**About this task:** Transcribe only the lines of the listing below from the one holding "1354 E Brentrup Dr, Tempe, AZ 85283 photo 11" through the one holding "वेलफेयर क्लब ने", inclusive, without any change.

**Provided information:**

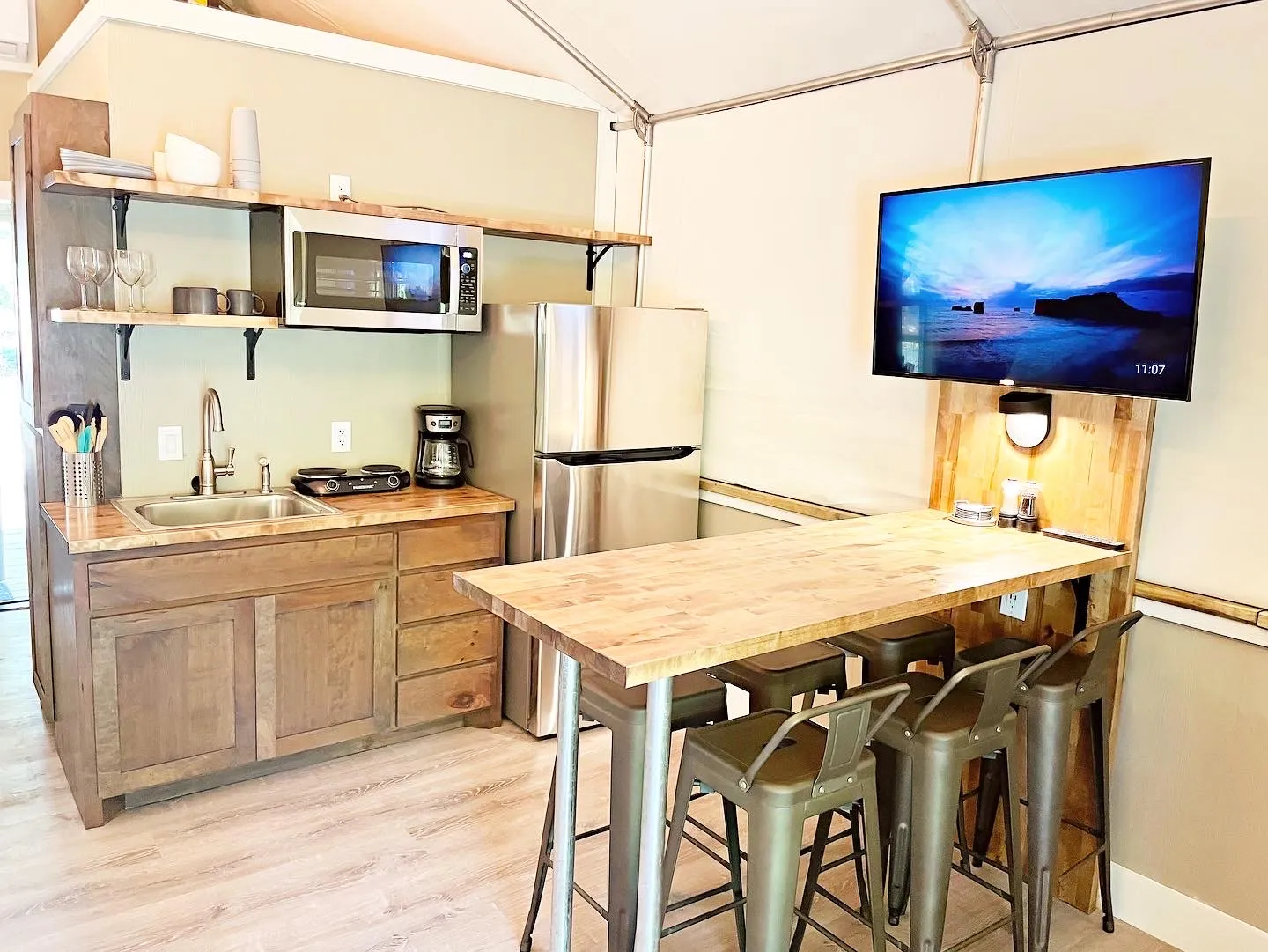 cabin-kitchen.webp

--

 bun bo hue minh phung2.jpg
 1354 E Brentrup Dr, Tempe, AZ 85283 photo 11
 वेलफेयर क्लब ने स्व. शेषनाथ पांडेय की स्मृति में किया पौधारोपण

**Solution to this task:**
 1354 E Brentrup Dr, Tempe, AZ 85283 photo 11
 वेलफेयर क्लब ने स्व. शेषनाथ पांडेय की स्मृति में किया पौधारोपण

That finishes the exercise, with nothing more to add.